Thursday, September 8, 2016

The struggle

The struggle 


 I love the thought of what this world must have really been designed for in the beginning. This world holds so much beauty, wonder, splendor and natural power. It`s absolutely amazing to look at, but something happened a long time ago in the hearts and minds of men (people) that makes them want to fight for something that isn’t even theirs in the first place really (our earth). 
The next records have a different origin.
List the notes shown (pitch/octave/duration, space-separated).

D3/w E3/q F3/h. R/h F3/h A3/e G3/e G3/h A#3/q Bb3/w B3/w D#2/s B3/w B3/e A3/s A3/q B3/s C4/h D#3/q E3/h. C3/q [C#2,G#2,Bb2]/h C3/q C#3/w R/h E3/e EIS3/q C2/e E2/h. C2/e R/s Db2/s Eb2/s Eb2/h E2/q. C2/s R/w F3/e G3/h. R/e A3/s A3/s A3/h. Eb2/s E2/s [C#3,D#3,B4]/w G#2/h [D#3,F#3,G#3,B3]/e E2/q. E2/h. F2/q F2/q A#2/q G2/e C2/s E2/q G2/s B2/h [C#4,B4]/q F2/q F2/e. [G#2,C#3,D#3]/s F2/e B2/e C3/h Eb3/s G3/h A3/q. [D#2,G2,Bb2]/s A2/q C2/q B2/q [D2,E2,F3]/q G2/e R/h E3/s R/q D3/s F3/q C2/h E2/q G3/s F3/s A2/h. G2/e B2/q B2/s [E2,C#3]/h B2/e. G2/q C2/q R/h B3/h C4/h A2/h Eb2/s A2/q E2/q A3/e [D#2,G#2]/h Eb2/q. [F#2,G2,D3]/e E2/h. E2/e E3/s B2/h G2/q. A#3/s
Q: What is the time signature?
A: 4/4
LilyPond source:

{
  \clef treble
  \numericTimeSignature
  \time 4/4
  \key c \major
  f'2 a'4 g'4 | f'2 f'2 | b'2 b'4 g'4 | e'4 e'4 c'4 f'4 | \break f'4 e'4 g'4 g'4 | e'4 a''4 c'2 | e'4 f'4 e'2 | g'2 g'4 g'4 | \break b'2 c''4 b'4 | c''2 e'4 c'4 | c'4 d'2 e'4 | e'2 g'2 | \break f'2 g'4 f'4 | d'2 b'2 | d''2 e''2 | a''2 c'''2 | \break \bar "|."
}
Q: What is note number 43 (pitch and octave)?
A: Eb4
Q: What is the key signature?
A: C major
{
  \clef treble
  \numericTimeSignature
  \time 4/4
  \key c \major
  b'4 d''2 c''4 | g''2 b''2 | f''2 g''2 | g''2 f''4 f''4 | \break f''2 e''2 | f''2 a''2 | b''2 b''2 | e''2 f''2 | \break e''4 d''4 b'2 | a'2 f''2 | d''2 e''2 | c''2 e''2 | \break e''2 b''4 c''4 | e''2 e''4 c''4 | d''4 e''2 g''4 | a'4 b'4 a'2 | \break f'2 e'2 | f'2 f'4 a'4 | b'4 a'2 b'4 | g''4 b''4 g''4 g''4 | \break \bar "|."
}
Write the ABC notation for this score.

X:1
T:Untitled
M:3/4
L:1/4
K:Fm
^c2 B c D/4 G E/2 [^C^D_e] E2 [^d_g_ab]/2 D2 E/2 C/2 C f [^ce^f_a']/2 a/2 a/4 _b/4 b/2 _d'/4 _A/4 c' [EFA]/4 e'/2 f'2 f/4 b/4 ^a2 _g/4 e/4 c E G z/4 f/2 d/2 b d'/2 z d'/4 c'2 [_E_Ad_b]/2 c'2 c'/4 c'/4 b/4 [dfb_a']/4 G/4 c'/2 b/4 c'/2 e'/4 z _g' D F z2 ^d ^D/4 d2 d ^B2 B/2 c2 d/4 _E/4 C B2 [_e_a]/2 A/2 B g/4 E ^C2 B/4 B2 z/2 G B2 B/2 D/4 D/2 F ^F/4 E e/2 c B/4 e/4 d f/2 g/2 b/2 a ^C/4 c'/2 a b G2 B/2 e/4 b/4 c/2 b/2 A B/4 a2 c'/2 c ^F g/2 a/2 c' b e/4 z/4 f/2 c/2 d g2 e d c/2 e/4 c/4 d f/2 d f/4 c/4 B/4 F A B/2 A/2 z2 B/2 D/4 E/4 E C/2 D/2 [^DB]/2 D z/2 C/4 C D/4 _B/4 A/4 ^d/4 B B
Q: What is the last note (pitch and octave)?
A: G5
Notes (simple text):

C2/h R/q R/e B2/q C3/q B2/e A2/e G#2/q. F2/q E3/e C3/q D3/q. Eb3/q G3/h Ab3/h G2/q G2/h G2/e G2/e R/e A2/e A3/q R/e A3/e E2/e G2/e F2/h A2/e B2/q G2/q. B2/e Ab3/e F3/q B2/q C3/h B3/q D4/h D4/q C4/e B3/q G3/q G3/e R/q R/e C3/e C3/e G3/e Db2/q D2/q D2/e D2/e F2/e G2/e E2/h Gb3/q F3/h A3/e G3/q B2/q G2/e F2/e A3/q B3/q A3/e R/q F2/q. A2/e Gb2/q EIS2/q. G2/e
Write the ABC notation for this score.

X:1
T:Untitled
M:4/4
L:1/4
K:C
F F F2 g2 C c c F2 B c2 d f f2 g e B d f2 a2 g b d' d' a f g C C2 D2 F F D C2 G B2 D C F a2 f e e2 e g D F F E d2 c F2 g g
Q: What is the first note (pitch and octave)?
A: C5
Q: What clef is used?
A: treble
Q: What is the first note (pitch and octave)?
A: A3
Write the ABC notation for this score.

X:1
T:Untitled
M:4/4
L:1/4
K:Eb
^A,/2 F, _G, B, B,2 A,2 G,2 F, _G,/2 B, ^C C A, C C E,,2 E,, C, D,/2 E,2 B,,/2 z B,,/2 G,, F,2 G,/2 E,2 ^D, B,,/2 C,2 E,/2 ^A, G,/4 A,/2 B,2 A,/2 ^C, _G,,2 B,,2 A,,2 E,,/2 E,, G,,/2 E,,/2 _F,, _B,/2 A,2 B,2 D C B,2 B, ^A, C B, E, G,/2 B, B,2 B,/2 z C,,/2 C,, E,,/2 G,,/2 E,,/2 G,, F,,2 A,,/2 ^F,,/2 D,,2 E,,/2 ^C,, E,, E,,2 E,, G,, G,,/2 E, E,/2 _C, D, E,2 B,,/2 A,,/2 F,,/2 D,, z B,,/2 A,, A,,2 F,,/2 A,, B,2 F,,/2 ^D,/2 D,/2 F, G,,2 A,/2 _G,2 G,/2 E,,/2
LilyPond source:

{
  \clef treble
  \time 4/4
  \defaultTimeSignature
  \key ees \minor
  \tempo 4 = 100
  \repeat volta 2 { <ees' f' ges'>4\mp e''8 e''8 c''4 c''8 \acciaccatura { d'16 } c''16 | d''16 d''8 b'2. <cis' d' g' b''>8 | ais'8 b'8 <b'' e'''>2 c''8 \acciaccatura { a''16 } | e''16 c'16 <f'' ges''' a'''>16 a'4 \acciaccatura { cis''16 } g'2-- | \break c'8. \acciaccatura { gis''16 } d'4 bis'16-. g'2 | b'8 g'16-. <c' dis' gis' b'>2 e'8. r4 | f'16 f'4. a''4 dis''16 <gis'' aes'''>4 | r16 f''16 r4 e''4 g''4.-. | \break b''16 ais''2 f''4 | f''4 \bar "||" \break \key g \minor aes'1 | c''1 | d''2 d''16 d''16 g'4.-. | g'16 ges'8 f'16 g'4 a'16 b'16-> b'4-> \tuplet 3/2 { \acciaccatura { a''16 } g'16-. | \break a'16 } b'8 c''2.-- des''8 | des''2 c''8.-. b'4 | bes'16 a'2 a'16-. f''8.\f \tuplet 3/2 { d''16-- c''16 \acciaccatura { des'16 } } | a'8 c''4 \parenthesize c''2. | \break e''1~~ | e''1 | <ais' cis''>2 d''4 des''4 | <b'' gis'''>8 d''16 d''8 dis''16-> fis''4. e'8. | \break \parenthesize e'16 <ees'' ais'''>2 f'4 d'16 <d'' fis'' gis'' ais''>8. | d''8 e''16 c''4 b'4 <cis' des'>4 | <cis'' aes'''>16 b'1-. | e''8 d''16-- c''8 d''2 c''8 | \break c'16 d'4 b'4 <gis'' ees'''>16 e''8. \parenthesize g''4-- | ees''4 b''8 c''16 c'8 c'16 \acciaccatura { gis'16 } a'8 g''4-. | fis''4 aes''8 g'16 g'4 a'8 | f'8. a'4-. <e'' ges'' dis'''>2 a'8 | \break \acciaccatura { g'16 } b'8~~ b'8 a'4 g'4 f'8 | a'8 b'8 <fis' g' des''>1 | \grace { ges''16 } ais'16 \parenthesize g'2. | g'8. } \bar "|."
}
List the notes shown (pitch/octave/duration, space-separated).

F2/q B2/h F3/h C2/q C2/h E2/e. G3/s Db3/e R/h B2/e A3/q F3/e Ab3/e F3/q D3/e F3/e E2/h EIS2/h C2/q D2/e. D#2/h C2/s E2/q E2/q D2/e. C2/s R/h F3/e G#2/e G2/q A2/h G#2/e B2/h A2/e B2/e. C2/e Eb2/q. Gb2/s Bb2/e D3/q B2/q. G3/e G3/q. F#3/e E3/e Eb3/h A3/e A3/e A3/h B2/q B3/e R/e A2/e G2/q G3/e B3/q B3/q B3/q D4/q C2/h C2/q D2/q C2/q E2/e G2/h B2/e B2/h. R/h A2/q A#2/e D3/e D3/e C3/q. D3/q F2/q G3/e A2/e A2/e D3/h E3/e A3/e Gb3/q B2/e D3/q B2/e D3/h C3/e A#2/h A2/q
 Greed is rewarded and love is sought out and crushed.. Everything is backwards to someone like me and I don’t think I`m alone… I am rare in my thinking but not alone. There`s nothing wrong with this world, something is wrong with the majority of people in charge of running the world and its affairs. I have prayed and thought very hard, very hard for a solution but as I go through my day to day life the way it is designed now, I notice that I am part of the problem as I participate in the way things are. 

I just want something I will never have or see I suppose… peace. Peace in knowing I am bettering the world instead of helping destroy it. I live in a world where I am controlled by fear (fear of losing my house, car, food, everything – unless I work my ass off in a system that just doesn’t work for mankind anymore) being controlled by this fear doesn’t work on me for I fear nothing but the one who created me… my Creator. Please know that I love you more than you can ever imagine or more than I can even show or tell you in this lifetime we have. I am just a very worn down man… by this way of life that I didn’t choose… it chose me. 

 My spirit is so free that I can`t even start to explain it to you but my mind and body are trapped here in a world I can`t stand anymore. It is very hard to be me… I have said that before and will say it again. Peace, happiness and love be with us all.